Work to complete ▸
Copy out all the entries word for word.

(Scraped caption text data)
· · · · ·

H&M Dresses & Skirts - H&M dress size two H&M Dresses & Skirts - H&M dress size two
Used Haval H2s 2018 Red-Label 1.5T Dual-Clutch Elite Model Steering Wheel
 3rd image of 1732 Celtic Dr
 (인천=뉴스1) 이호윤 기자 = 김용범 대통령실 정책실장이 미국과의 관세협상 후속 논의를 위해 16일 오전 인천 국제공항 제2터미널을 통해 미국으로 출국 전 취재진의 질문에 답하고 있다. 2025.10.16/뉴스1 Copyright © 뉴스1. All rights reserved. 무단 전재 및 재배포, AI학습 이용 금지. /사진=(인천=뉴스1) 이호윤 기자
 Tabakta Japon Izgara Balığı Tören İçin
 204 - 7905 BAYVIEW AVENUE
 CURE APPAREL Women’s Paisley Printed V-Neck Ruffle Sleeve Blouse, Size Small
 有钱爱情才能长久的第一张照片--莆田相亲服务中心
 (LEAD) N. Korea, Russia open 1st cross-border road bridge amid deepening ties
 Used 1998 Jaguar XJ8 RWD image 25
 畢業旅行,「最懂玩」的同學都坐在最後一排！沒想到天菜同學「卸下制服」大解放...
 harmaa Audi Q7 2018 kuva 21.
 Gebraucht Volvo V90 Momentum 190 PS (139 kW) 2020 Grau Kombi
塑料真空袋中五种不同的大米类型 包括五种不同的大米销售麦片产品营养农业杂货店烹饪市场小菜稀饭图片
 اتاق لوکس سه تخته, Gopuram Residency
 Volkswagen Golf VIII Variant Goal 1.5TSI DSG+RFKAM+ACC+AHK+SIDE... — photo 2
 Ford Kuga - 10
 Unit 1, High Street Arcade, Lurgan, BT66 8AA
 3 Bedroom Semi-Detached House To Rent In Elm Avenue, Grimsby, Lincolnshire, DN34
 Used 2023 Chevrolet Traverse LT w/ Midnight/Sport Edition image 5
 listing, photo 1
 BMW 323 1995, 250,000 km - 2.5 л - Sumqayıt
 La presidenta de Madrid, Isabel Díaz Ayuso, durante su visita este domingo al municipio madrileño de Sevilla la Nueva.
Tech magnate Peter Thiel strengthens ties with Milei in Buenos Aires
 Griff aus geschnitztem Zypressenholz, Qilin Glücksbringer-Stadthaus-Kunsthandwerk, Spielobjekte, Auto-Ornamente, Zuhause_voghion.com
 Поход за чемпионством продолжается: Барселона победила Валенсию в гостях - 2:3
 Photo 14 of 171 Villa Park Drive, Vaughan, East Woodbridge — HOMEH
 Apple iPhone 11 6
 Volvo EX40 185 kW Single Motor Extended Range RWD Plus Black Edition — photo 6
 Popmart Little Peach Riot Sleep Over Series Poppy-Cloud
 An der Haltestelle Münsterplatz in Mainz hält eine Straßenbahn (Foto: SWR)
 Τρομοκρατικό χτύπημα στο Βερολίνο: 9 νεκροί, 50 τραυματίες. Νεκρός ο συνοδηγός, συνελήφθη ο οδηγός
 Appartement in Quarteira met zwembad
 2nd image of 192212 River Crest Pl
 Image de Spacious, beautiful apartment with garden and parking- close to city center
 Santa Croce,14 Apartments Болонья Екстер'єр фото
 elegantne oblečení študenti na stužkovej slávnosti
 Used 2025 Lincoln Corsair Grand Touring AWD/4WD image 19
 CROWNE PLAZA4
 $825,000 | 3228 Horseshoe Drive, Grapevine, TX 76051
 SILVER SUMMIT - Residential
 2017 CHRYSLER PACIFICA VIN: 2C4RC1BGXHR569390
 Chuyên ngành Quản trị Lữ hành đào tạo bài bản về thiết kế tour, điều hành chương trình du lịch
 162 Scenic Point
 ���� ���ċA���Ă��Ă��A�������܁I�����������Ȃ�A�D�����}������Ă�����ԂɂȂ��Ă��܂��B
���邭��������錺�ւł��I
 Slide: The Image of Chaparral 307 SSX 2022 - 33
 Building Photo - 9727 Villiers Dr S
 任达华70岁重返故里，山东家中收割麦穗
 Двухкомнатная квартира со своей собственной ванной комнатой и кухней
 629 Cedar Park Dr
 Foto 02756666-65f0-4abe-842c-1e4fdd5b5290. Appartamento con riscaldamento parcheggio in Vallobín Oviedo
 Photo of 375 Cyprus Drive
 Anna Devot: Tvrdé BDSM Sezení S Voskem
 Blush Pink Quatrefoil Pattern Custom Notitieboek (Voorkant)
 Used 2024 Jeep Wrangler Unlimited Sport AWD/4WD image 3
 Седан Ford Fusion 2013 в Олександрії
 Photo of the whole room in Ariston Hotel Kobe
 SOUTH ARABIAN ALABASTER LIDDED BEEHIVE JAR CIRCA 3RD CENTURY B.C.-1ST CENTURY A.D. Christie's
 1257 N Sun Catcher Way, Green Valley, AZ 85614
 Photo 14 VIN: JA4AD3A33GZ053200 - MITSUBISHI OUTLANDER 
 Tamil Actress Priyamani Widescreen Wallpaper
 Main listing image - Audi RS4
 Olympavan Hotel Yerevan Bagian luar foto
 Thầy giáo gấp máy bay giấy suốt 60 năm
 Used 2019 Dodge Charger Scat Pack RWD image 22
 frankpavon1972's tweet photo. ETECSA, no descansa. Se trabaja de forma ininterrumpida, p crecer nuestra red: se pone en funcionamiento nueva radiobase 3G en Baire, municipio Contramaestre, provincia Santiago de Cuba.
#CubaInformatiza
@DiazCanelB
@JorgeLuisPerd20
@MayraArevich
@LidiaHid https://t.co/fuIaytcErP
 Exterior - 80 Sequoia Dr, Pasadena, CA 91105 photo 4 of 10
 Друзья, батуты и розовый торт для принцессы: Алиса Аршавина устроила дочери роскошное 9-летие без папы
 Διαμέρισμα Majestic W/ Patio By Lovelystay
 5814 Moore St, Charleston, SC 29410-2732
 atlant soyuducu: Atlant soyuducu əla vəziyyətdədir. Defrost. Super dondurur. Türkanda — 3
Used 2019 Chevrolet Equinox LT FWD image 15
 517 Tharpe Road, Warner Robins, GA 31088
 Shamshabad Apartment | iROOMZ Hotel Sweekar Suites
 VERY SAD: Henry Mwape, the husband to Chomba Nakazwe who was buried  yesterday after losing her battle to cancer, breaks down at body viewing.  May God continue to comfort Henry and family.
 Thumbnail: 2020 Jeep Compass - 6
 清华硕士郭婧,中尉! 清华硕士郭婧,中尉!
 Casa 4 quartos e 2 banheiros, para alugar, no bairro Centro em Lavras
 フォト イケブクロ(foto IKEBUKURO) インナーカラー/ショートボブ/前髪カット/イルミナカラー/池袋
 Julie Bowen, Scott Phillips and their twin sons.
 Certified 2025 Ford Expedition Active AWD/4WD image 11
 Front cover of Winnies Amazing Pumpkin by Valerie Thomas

· · · · ·

Exercise result ▸
H&M Dresses & Skirts - H&M dress size two H&M Dresses & Skirts - H&M dress size two
Used Haval H2s 2018 Red-Label 1.5T Dual-Clutch Elite Model Steering Wheel
 3rd image of 1732 Celtic Dr
 (인천=뉴스1) 이호윤 기자 = 김용범 대통령실 정책실장이 미국과의 관세협상 후속 논의를 위해 16일 오전 인천 국제공항 제2터미널을 통해 미국으로 출국 전 취재진의 질문에 답하고 있다. 2025.10.16/뉴스1 Copyright © 뉴스1. All rights reserved. 무단 전재 및 재배포, AI학습 이용 금지. /사진=(인천=뉴스1) 이호윤 기자
 Tabakta Japon Izgara Balığı Tören İçin
 204 - 7905 BAYVIEW AVENUE
 CURE APPAREL Women’s Paisley Printed V-Neck Ruffle Sleeve Blouse, Size Small
 有钱爱情才能长久的第一张照片--莆田相亲服务中心
 (LEAD) N. Korea, Russia open 1st cross-border road bridge amid deepening ties
 Used 1998 Jaguar XJ8 RWD image 25
 畢業旅行,「最懂玩」的同學都坐在最後一排！沒想到天菜同學「卸下制服」大解放...
 harmaa Audi Q7 2018 kuva 21.
 Gebraucht Volvo V90 Momentum 190 PS (139 kW) 2020 Grau Kombi
塑料真空袋中五种不同的大米类型 包括五种不同的大米销售麦片产品营养农业杂货店烹饪市场小菜稀饭图片
 اتاق لوکس سه تخته, Gopuram Residency
 Volkswagen Golf VIII Variant Goal 1.5TSI DSG+RFKAM+ACC+AHK+SIDE... — photo 2
 Ford Kuga - 10
 Unit 1, High Street Arcade, Lurgan, BT66 8AA
 3 Bedroom Semi-Detached House To Rent In Elm Avenue, Grimsby, Lincolnshire, DN34
 Used 2023 Chevrolet Traverse LT w/ Midnight/Sport Edition image 5
 listing, photo 1
 BMW 323 1995, 250,000 km - 2.5 л - Sumqayıt
 La presidenta de Madrid, Isabel Díaz Ayuso, durante su visita este domingo al municipio madrileño de Sevilla la Nueva.
Tech magnate Peter Thiel strengthens ties with Milei in Buenos Aires
 Griff aus geschnitztem Zypressenholz, Qilin Glücksbringer-Stadthaus-Kunsthandwerk, Spielobjekte, Auto-Ornamente, Zuhause_voghion.com
 Поход за чемпионством продолжается: Барселона победила Валенсию в гостях - 2:3
 Photo 14 of 171 Villa Park Drive, Vaughan, East Woodbridge — HOMEH
 Apple iPhone 11 6
 Volvo EX40 185 kW Single Motor Extended Range RWD Plus Black Edition — photo 6
 Popmart Little Peach Riot Sleep Over Series Poppy-Cloud
 An der Haltestelle Münsterplatz in Mainz hält eine Straßenbahn (Foto: SWR)
 Τρομοκρατικό χτύπημα στο Βερολίνο: 9 νεκροί, 50 τραυματίες. Νεκρός ο συνοδηγός, συνελήφθη ο οδηγός
 Appartement in Quarteira met zwembad
 2nd image of 192212 River Crest Pl
 Image de Spacious, beautiful apartment with garden and parking- close to city center
 Santa Croce,14 Apartments Болонья Екстер'єр фото
 elegantne oblečení študenti na stužkovej slávnosti
 Used 2025 Lincoln Corsair Grand Touring AWD/4WD image 19
 CROWNE PLAZA4
 $825,000 | 3228 Horseshoe Drive, Grapevine, TX 76051
 SILVER SUMMIT - Residential
 2017 CHRYSLER PACIFICA VIN: 2C4RC1BGXHR569390
 Chuyên ngành Quản trị Lữ hành đào tạo bài bản về thiết kế tour, điều hành chương trình du lịch
 162 Scenic Point
 ���� ���ċA���Ă��Ă��A�������܁I�����������Ȃ�A�D�����}������Ă�����ԂɂȂ��Ă��܂��B
���邭��������錺�ւł��I
 Slide: The Image of Chaparral 307 SSX 2022 - 33
 Building Photo - 9727 Villiers Dr S
 任达华70岁重返故里，山东家中收割麦穗
 Двухкомнатная квартира со своей собственной ванной комнатой и кухней
 629 Cedar Park Dr
 Foto 02756666-65f0-4abe-842c-1e4fdd5b5290. Appartamento con riscaldamento parcheggio in Vallobín Oviedo
 Photo of 375 Cyprus Drive
 Anna Devot: Tvrdé BDSM Sezení S Voskem
 Blush Pink Quatrefoil Pattern Custom Notitieboek (Voorkant)
 Used 2024 Jeep Wrangler Unlimited Sport AWD/4WD image 3
 Седан Ford Fusion 2013 в Олександрії
 Photo of the whole room in Ariston Hotel Kobe
 SOUTH ARABIAN ALABASTER LIDDED BEEHIVE JAR CIRCA 3RD CENTURY B.C.-1ST CENTURY A.D. Christie's
 1257 N Sun Catcher Way, Green Valley, AZ 85614
 Photo 14 VIN: JA4AD3A33GZ053200 - MITSUBISHI OUTLANDER 
 Tamil Actress Priyamani Widescreen Wallpaper
 Main listing image - Audi RS4
 Olympavan Hotel Yerevan Bagian luar foto
 Thầy giáo gấp máy bay giấy suốt 60 năm
 Used 2019 Dodge Charger Scat Pack RWD image 22
 frankpavon1972's tweet photo. ETECSA, no descansa. Se trabaja de forma ininterrumpida, p crecer nuestra red: se pone en funcionamiento nueva radiobase 3G en Baire, municipio Contramaestre, provincia Santiago de Cuba.
#CubaInformatiza
@DiazCanelB
@JorgeLuisPerd20
@MayraArevich
@LidiaHid https://t.co/fuIaytcErP
 Exterior - 80 Sequoia Dr, Pasadena, CA 91105 photo 4 of 10
 Друзья, батуты и розовый торт для принцессы: Алиса Аршавина устроила дочери роскошное 9-летие без папы
 Διαμέρισμα Majestic W/ Patio By Lovelystay
 5814 Moore St, Charleston, SC 29410-2732
 atlant soyuducu: Atlant soyuducu əla vəziyyətdədir. Defrost. Super dondurur. Türkanda — 3
Used 2019 Chevrolet Equinox LT FWD image 15
 517 Tharpe Road, Warner Robins, GA 31088
 Shamshabad Apartment | iROOMZ Hotel Sweekar Suites
 VERY SAD: Henry Mwape, the husband to Chomba Nakazwe who was buried  yesterday after losing her battle to cancer, breaks down at body viewing.  May God continue to comfort Henry and family.
 Thumbnail: 2020 Jeep Compass - 6
 清华硕士郭婧,中尉! 清华硕士郭婧,中尉!
 Casa 4 quartos e 2 banheiros, para alugar, no bairro Centro em Lavras
 フォト イケブクロ(foto IKEBUKURO) インナーカラー/ショートボブ/前髪カット/イルミナカラー/池袋
 Julie Bowen, Scott Phillips and their twin sons.
 Certified 2025 Ford Expedition Active AWD/4WD image 11
 Front cover of Winnies Amazing Pumpkin by Valerie Thomas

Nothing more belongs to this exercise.